Considérant ce qui suit :
Aux termes du premier alinéa de l’article L. 521-1 du code de justice administrative : « Quand une décision administrative, même de rejet, fait l’objet d’une requête en annulation ou en réformation, le juge des référés, saisi d’une demande en ce sens, peut ordonner la suspension de l’exécution de cette décision, ou de certains de ses effets, lorsque l’urgence le justifie et qu’il est fait état d’un moyen propre à créer, en l’état de l’instruction, un doute sérieux quant à la légalité de la décision ». En vertu de l’article L. 522-3 de ce code, le juge des référés peut, par une ordonnance motivée, rejeter une requête sans instruction ni audience lorsque la condition d’urgence n’est pas remplie ou lorsqu’il apparaît manifeste, au vu de la demande, que celle-ci ne relève pas de la compétence de la juridiction administrative, qu’elle est irrecevable ou qu’elle est mal fondée.

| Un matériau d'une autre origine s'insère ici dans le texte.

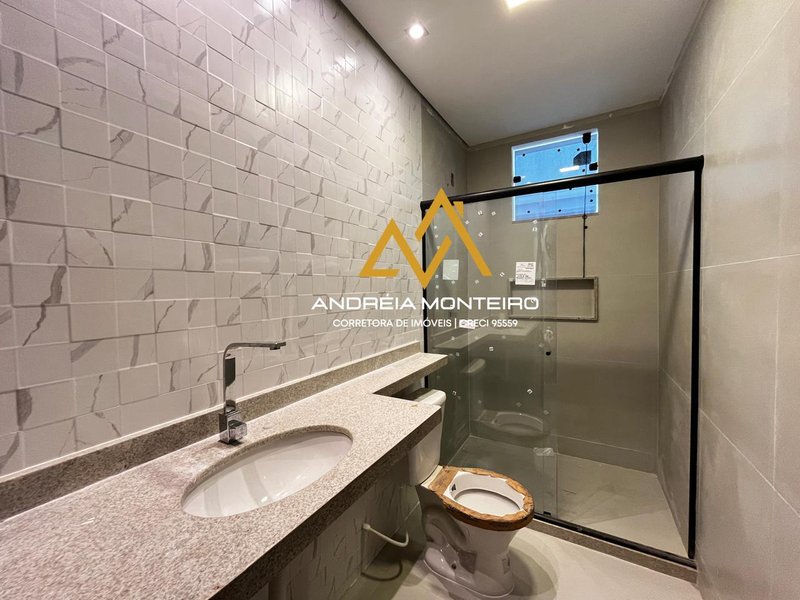 Casa com 3 Quartos, sendo 1 suíte, Área Gourmet à venda, 116 m² por R$ 595.000 Rua João da Cunha abreu Maricá -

M. A…, écroué depuis le 12 janvier 2020, est incarcéré au centre pénitentiaire d’Orléans-Saran depuis le 4 décembre 2024, en provenance d’établissements pénitentiaires relevant de la direction interrégionale des services pénitentiaires de Marseille. Eu égard à son parcours carcéral dans ces différents établissements, émaillés d’incidents disciplinaires, il a immédiatement été placé à l’isolement. Par une décision du 16 avril 2025, le directeur interrégional des services pénitentiaires de Dijon a prononcé la prolongation de son placement à l’isolement d’office au sein du centre pénitentiaire d’Orléans-Saran à compter du 24 avril 2025 pour une durée de trois mois. Par sa requête, M. A… demande à la juge des référés, sur le fondement de l’article L. 521-1 du code de justice administrative, de suspendre l’exécution de cette décision et d’enjoindre au directeur interrégional des services pénitentiaires d’ordonner la levée de cette mesure.
En l’état de l’instruction, aucun des moyens soulevés par M. A… à l’appui de ses conclusions, tels que visés ci-dessus, n’est de nature à créer un doute sérieux quant à la légalité de la décision attaquée. Il suit de là, sans qu’il soit besoin de se prononcer sur la condition d’urgence, que les conclusions du requérant à fin de suspension sont manifestement mal fondées et doivent être rejetées par application de l’article L. 522-3 du code de justice administrative. Il en est de même, par voie de conséquence, des conclusions aux fins d’injonction et d’astreinte ainsi que de celles présentées au titre des frais liés au litige, sans qu’il y ait lieu d’accorder au requérant le bénéfice de l’aide juridictionnelle à titre provisoire.
O R D O N N E :
Article 1er : La requête de M. A… est rejetée.
Article 2 : La présente ordonnance sera notifiée à M. B… A….
Copie en sera adressée pour information au ministre d’Etat, garde des sceaux, ministre de la justice.
Fait à Orléans, le 4 juin 2025.
La juge des référés,
Sophie LESIEUX
La République mande et ordonne au ministre d’Etat, garde des sceaux, ministre de la justice, en ce qui le concerne ou à tous commissaires de justice à ce requis en ce qui concerne les voies de droit commun, contre les parties privées, de pourvoir à l’exécution de la présente décision.